# Exercise requirements
Transcribe all the entries word for word, omitting any pictures they contain.

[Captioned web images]

========

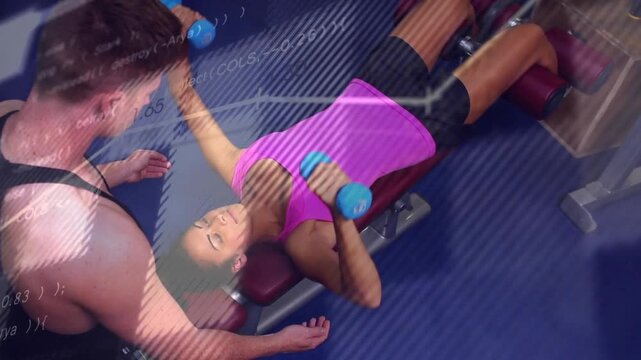 Woman lying on decline bench doing chest fly for fitness spotter aiding with DBs overlay tracing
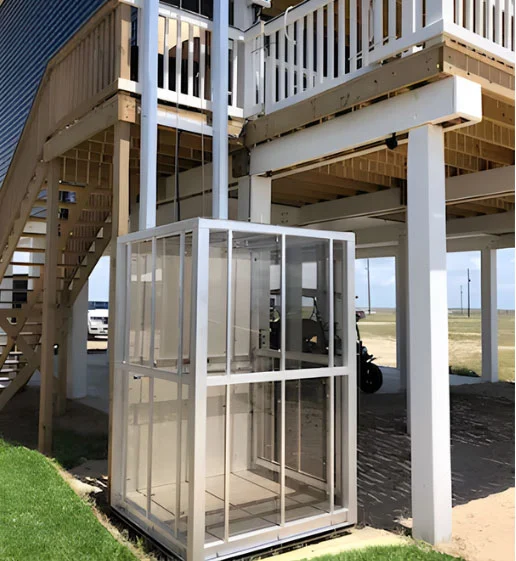 Outdoor home elevator beside a raised house with wooden stairs, providing accessible entry to upper levels.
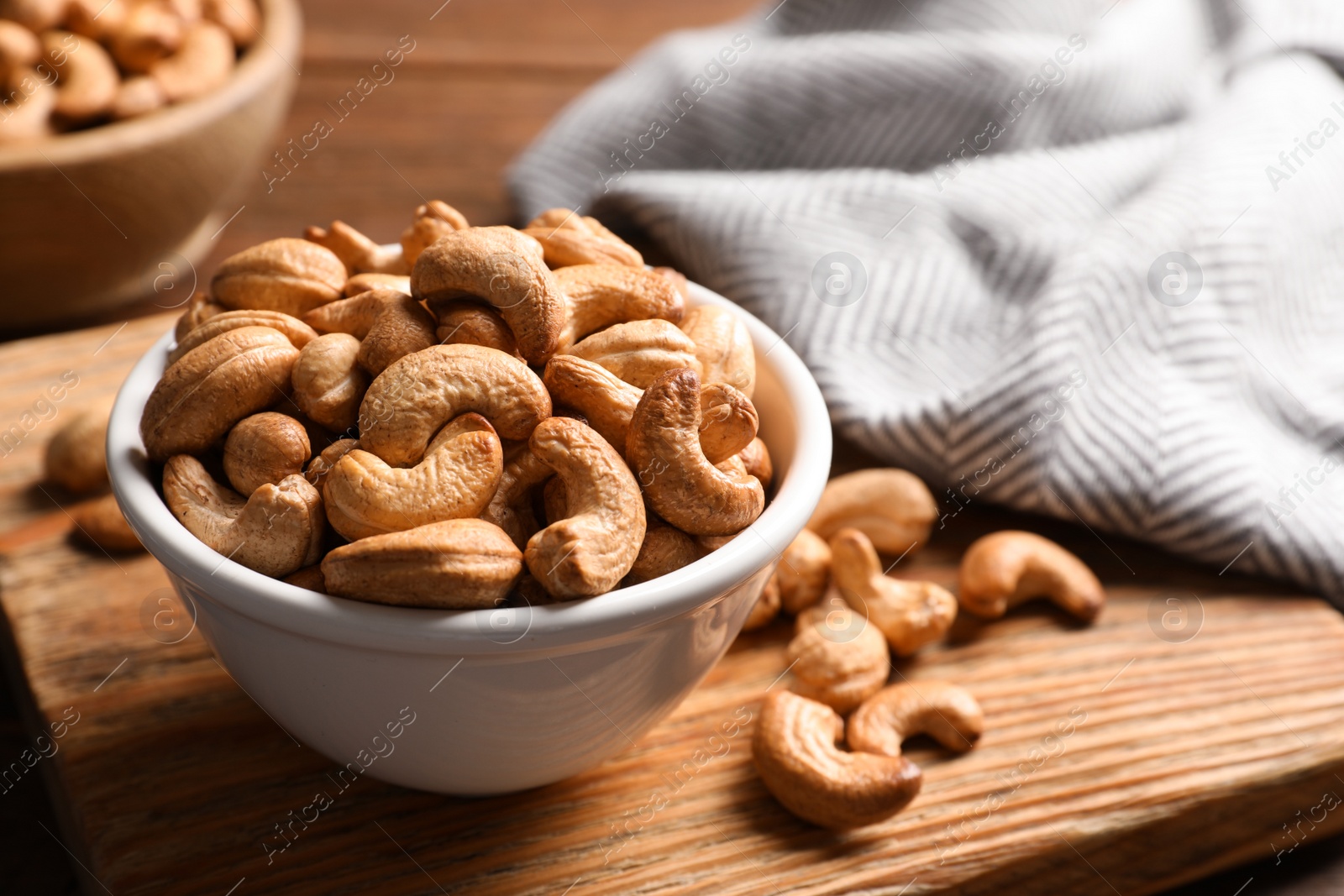 Photo of Tasty cashew nuts in bowl on table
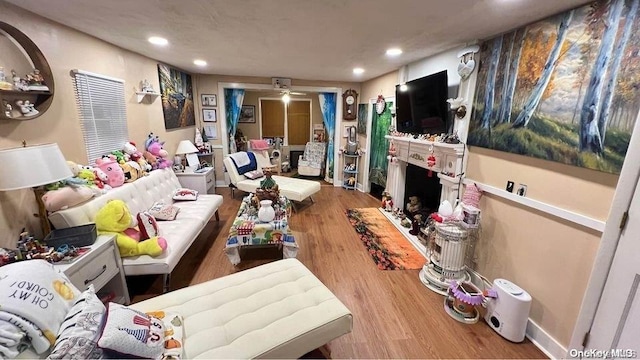 recreation room with hardwood / wood-style flooring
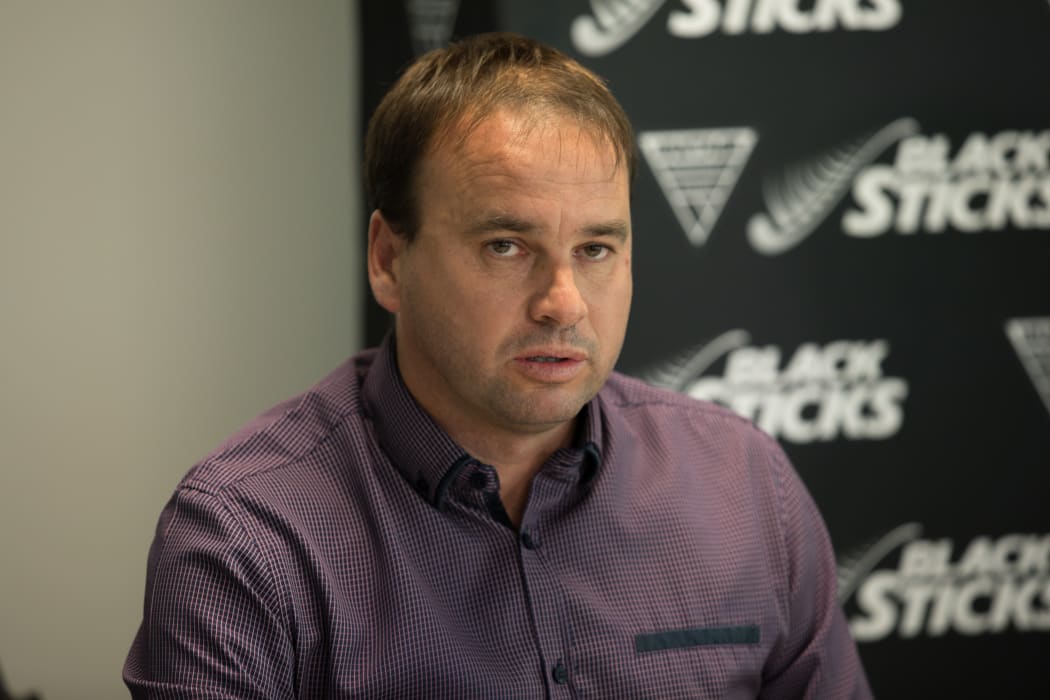 Hockey New Zealand chief executive Ian Francis speaking to media at a press conference.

========

# Answer to this exercise
 Woman lying on decline bench doing chest fly for fitness spotter aiding with DBs overlay tracing
 Outdoor home elevator beside a raised house with wooden stairs, providing accessible entry to upper levels.
 Photo of Tasty cashew nuts in bowl on table
 recreation room with hardwood / wood-style flooring
 Hockey New Zealand chief executive Ian Francis speaking to media at a press conference.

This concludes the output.